**Task instructions:**
Among the lines below, restate word for word only those from the line with "We want to prove" through the line with "Brent Tech here, where", with both end lines kept.
BEGIN Raw data
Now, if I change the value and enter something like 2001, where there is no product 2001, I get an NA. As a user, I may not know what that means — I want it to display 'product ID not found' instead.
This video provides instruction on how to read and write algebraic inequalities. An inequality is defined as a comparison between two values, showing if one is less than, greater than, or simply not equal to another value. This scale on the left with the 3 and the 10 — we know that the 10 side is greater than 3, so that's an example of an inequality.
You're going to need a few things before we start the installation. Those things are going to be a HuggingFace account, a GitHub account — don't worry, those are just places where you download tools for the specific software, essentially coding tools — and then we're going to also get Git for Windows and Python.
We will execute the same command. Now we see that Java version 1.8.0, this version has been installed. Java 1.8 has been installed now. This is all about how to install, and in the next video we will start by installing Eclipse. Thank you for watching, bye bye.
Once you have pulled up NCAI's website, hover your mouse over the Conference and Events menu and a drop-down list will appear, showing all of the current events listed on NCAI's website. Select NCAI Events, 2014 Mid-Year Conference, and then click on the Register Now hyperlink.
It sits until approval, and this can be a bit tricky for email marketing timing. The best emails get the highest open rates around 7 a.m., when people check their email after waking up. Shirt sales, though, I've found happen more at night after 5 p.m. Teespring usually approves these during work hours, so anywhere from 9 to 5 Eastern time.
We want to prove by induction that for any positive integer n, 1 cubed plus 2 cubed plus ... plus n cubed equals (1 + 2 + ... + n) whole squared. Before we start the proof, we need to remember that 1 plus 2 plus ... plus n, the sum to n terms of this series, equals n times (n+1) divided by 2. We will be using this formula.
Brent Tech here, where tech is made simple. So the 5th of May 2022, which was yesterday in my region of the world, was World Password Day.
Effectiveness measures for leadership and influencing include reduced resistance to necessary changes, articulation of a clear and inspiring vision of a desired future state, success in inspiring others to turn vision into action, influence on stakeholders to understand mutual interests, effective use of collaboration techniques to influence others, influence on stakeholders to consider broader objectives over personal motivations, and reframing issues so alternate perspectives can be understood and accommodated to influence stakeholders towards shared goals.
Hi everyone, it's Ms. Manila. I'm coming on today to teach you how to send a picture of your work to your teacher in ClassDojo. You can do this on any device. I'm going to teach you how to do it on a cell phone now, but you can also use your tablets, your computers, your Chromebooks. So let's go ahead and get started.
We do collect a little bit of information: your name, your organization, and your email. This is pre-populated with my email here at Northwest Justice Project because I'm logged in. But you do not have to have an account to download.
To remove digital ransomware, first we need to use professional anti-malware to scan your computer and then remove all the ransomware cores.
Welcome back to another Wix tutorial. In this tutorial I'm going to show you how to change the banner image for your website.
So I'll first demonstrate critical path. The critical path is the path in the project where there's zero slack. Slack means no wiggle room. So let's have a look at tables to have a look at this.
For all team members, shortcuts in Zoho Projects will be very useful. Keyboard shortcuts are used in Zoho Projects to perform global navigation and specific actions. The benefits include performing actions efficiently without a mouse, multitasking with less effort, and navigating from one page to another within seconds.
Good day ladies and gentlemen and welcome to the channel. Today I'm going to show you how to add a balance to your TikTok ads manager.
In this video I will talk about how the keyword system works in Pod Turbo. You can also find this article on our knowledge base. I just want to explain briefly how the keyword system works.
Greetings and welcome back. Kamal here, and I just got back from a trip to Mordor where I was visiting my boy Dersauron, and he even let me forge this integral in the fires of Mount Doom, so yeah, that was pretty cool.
END Raw data
**Task solution:**
We want to prove by induction that for any positive integer n, 1 cubed plus 2 cubed plus ... plus n cubed equals (1 + 2 + ... + n) whole squared. Before we start the proof, we need to remember that 1 plus 2 plus ... plus n, the sum to n terms of this series, equals n times (n+1) divided by 2. We will be using this formula.
Brent Tech here, where tech is made simple. So the 5th of May 2022, which was yesterday in my region of the world, was World Password Day.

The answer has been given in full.